The benefits of a drip irrigation system are immediately reaped once it is installed: lower water usage, getting water to plant root zones rather than weeds, ease of application, etc. Complete starter kits are available at most home centers. Study of one of those kits may be more useful than actual purchase. Specialty sprinkler supply houses, through local or Internet resources, have a complete line of parts that you can access once you know what you need.

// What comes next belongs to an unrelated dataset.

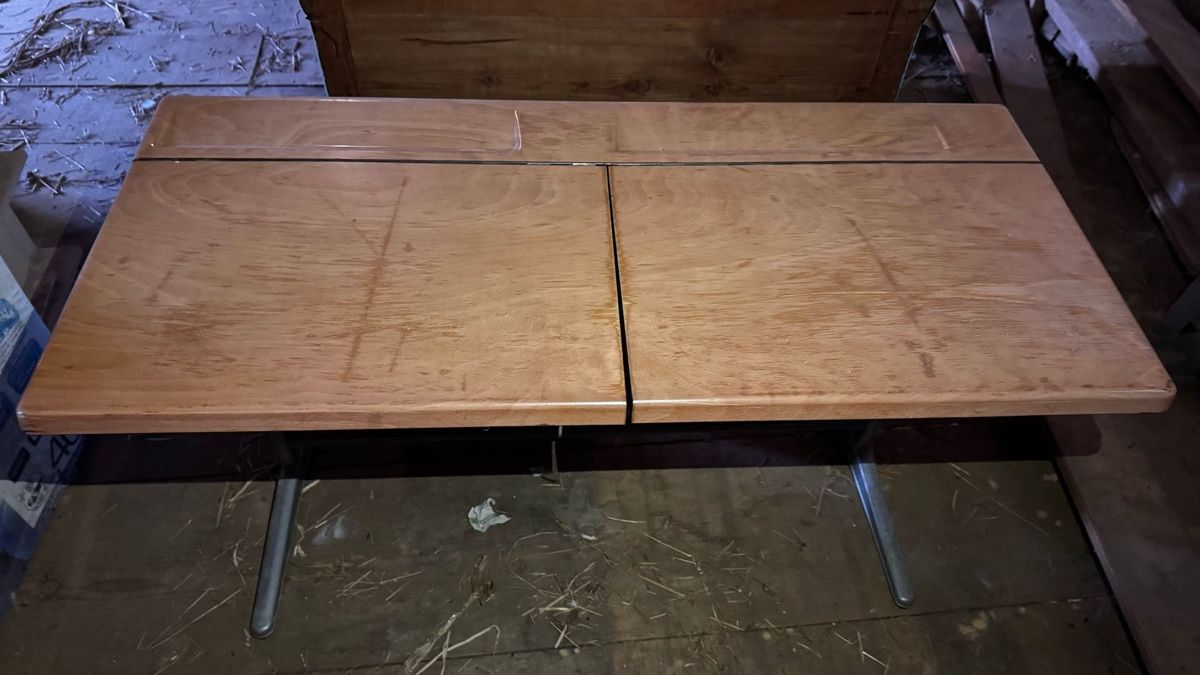 Schreibtische: Bureau d’écolier – Gebraucht aus Lignières von Alains69 1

The bare essentials are as follow (note: PVC fittings are all glued; flex tubing fittings are all friction fit):

  • Accessible (municipal or highly filtered) water supply; pressure reducer (if needed);
  • 1/2″ manual valve to isolate system
  • 1/2″ backflow-prevent valve
  • 1/2″ PVC for all lines under continuous pressure
  • 1/2″ flex tubing for main supply
  • 1/2″ low-flow electric valve
  • electric timer
  • 1/4″ spaghetti tubing for emitters
  • emitters

Access your water supply and install your manual valve. This valve is the key whereby amateurs, like you and me, can experiment to our hearts’ content without fear of disrupting water supply needed elsewhere on the line you tapped into. If you have potted plants on a deck, you have an ideal setting that lends itself to creatively hiding individual emitters to each potted plant. Likewise, hanging ferns are great targets for drip systems. If you have many such plants, you’ll be amazed at how much time you’ll save by allowing them to self-water through your personally designed system.

Harlan Frymire, former Smith County Master Gardener
Texas A&M AgriLife Extension Service


DRIP IRRIGATION: THINK AHEAD BEFORE THE SUMMER HEAT COMES

Now is a good time to plan ahead for summer heat and water conservation. Consider drip irrigation.

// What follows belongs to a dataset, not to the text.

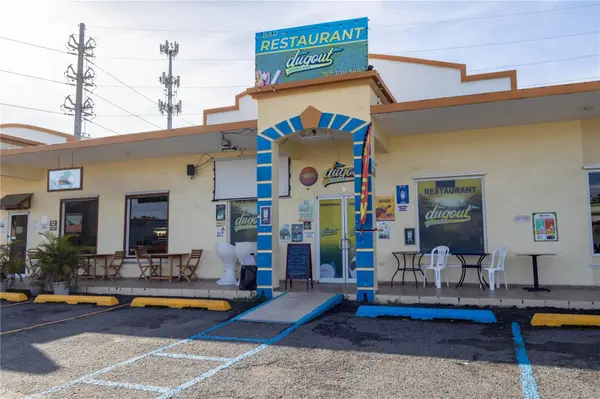 Suite 9 AV. VISTA MAR, Rincon, PR 00677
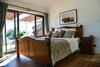 Luxury Countryside Cottage With Mountain Views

Drip irrigation is a slow effective application of water. It gets water to the root zone, maintains good moisture levels, and conserves water that might be lost due to runoff and evaporation by the sun and wind. Water is applied only when and where it is needed. You can go as simple as a soaker hose winding through the bed or with the more precise method of individual drippers connected to a hose that applies water to each plant. Drip irrigation is a wonderful time saver as well and you don’t have to worry about watering in the heat. It is also beneficial in drought conditions. Add a programmable timer and the system takes care of itself.

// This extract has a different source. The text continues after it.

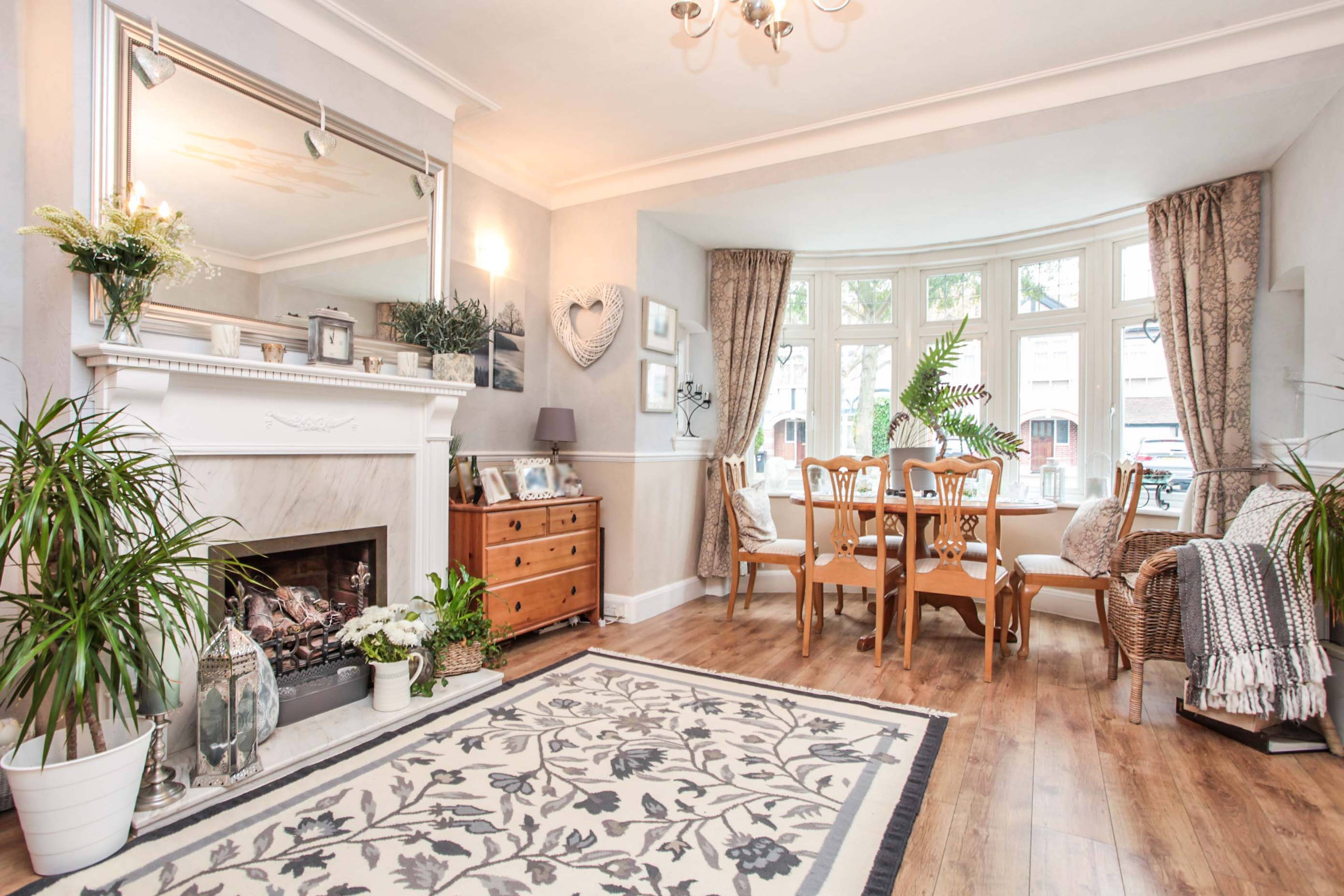 Lounge/Dining Room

There are many sources available for drip irrigation; most home stores have supplies available and there are numerous website with complete starter kits and supplies. So study some of the websites and examine where you could benefit from using a drip system.

I have had a drip system for 4 years and the vegetable garden grows well and my container plants and hanging baskets do great and I save a lot of time not manually watering.

So, now is a great time to research drip irrigation systems. Do a survey of your landscape and determine where you would benefit the most. In the end, you will be glad you investigated it and you’ll be amazed at the time you save and how wonderful your plants look even in the heat of a Texas summer. Plants are happy plants when they are watered at metered levels on a regular schedule.